Strossen shared several stories about advocating for free speech even in times of intense struggle in her life and the lives of her family. Strossen said she is inspired by Susan Bro, the mother of Heather Heyer who became a civil rights icon after being intentionally hit by a car while peacefully counter-protesting during the 2017 Unite the Right rally in Charlottesville. Strossen said she was inspired by Bro’s words when they were both on a panel about free speech and the Unite the Right rally last year.

“I thought, oh my goodness, it’s really going to be hard to support, verbally and vigorously, free speech for Unite the Right folks given what one of them did,” Strossen said. “To my amazement, she gave the most eloquent, passionate defense of free speech, exceeding my own capabilities by far.”

Strossen also shared the story of her father, who was enslaved in the Buchenwald concentration camp during World War II for being a “Jew of second degree.” The camp was liberated one day before her father was scheduled to be sterilized. Strossen said that even this knowledge did not make her wish for censorship.

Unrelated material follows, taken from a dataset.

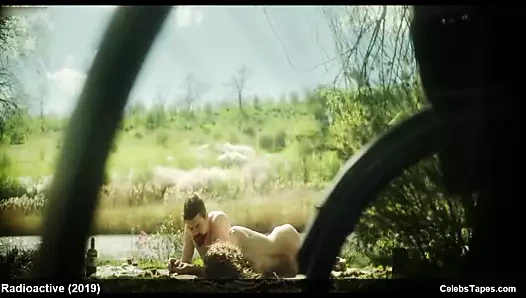 Ünlü rosamund pike çıplak ve sıcak köpek stili seks sahneleri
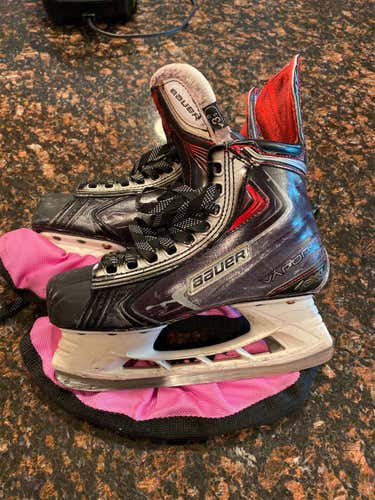 Junior Bauer Vapor APX2 Regular Width  Size 3.5 Hockey Skates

“Given this background, if I believed that censorship would have prevented the Nazis from coming to power, would’ve prevented the Holocaust or genocide, I would’ve been in favor of it,” Strossen said. “Obviously, [censorship] did not suppress their rise to power.”

Strossen promoted battling hateful rhetoric and ideology not through censorship but with counter-speech. Strossen stressed the importance of letting hate fail on its own accord.

“We must neutrally protect freedom for all ideas, no matter how hated or hateful we find them,” Strossen said. “The most effective response is to answer back.

She spoke directly to Mock Convention attendees to end her speech, thanking them for their part in promoting civil discourse and vigorous debate.

“I want to thank you for exercising your most precious right: the right not to remain silent,” Strossen said.

Strossen served as the President of the American Civil Liberties Union from 1991-2008. She was the first woman and youngest President of America’s largest and oldest civil liberties organization. Strossen is currently the John Marshall Harlan II Professor of Law, Emerita at New York Law School and sits on the Council of Foreign Relations. Strossen has written three books about free speech, civil rights and civil liberties, as well as spoken on over 500 campuses, including Washington and Lee.